Research on Cottage Cheese and Type 2 Diabetes
Foods like cottage cheese are sometimes avoided because they contain saturated fats. After all, saturated fats are bad for you because they cause heart disease, right?
The war against fats, particularly saturated fats, has raged for too long! It’s time to bring the cultural fears about fat and cardiovascular disease into perspective and listen to what the scientific research has to say about it.
Let’s start by recognizing that the case against saturated fat isn’t totally unfounded.
For example, the results of a 2015 literature review showed that a reduction in saturated fat intake could result in a small decrease in a person’s risk of cardiovascular disease. The implication that many people draw from this study is that saturated fat is the cause of heart disease, but this isn’t necessarily true.
Studies like that one help keep the “low-fat diet” message in the public sphere, but this isn’t the whole story. In fact, studies that connect dietary fat to cardiovascular disease are actually in the minority and there are many studies that debunk this old claim.
A 2012 study found no statistically significant connection between saturated fat intake and increased risk of cardiovascular disease. In fact, they found that a higher intake of saturated fat from dairy sources was associated with a lower risk of cardiovascular disease!
An even more recent study (2016) that included over 35,000 participants found that consuming dairy products high in saturated fats was not associated with a higher risk of ischemic heart disease.
Further, a 2015 study concluded that diets that include cheese as a primary source of saturated fats were less atherogenic (heart disease causing) than low-fat, high carbohydrate diets.

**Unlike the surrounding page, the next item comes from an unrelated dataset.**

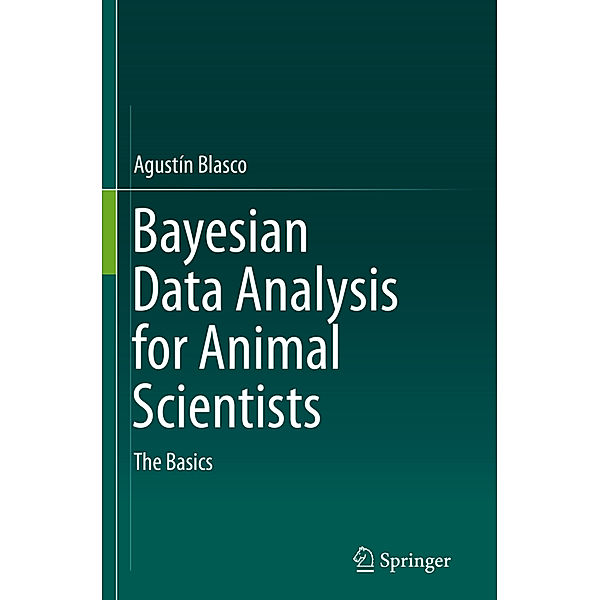 Bayesian Data Analysis for Animal Scientists, Agustín Blasco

In this study, participants were placed on either a “high cheese diet,” a “high meat diet,” or a “dairy-free, low-fat, high carbohydrate diet.” After a two-week period, the high-cheese diet increased HDL “good” cholesterol by 5%, it increased apo A-I concentrations by 8%, and it decreased apo B/apo A-I ratios by 5% in comparison to the dairy-free, high-carb diet. All these changes seen in the high-cheese diet group are associated with a lower risk of cardiovascular disease.
In conclusion, it’s safe to say that most of the research is on the side of cheese, so don’t be afraid to enjoy full-fat dairy products like cottage cheese in your diet.
The Many Ways to Enjoy Cottage Cheese!
Cottage cheese is super versatile and can be incorporated into almost any kind of dish for any time of day.
Here are 6 ideas to get you started:
- Top a serving of cottage cheese with a small handful of low-carb berries and a sprinkle of stevia for sweetness. This can be a great replacement for traditional yogurts that are full of sugar.
- Blend a few tablespoons of it into a green smoothie to add satiating protein and an extra creamy texture.
- Cottage cheese makes a wonderful cream base for dressings, and it will add hearty fat and protein to a green salad!
- It also works as a thick, creamy base for a variety of sauces that can be poured over roasted vegetables or low-carb pasta.
- Mix it with eggs for a fresh take on a classic breakfast omelet.
- Stir herbs and spices into cottage cheese to make a flavorful dipping sauce. Pair it with raw vegetables for a healthy and filling snack!
What about you? Do you have other ideas on how to include cottage cheese in recipes and meals?